• _Prompt_:
Of the lines listed below, return exactly those that run from the line containing "Savage Pace Zero" through the line containing "Mexicaanse Talavera Tile", both included.
---------- Source material
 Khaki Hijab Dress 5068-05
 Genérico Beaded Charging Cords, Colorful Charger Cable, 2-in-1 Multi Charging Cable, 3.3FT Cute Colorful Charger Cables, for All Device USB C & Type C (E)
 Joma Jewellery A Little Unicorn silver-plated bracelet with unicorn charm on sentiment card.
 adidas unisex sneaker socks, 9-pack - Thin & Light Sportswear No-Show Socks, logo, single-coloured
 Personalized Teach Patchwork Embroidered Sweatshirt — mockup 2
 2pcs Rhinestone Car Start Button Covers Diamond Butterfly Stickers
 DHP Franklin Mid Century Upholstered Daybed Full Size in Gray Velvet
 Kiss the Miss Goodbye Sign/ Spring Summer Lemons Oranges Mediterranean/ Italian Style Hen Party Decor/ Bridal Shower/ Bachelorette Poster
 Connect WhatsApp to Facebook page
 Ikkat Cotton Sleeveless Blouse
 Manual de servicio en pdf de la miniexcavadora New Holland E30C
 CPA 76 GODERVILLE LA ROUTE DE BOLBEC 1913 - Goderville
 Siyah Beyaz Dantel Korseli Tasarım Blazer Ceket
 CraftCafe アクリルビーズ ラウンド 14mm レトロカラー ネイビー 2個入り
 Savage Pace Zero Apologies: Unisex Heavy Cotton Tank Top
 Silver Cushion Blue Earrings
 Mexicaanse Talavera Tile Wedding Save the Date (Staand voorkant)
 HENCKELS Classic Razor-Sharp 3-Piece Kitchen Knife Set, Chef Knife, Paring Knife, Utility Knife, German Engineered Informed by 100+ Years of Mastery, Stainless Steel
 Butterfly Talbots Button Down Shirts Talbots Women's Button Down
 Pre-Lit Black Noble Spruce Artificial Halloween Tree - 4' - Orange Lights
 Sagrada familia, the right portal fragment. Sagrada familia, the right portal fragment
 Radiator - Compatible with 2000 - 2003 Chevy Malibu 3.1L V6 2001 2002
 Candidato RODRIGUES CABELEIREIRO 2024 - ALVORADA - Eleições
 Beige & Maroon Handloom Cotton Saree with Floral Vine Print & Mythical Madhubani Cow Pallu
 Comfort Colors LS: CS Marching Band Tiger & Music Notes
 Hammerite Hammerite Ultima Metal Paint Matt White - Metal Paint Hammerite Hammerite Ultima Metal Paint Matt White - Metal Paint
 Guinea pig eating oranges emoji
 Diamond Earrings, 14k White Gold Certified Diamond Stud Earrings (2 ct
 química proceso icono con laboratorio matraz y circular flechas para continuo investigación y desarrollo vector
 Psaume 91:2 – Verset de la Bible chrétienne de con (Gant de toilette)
--------------------
• _Reply to the exercise_:
 Savage Pace Zero Apologies: Unisex Heavy Cotton Tank Top
 Silver Cushion Blue Earrings
 Mexicaanse Talavera Tile Wedding Save the Date (Staand voorkant)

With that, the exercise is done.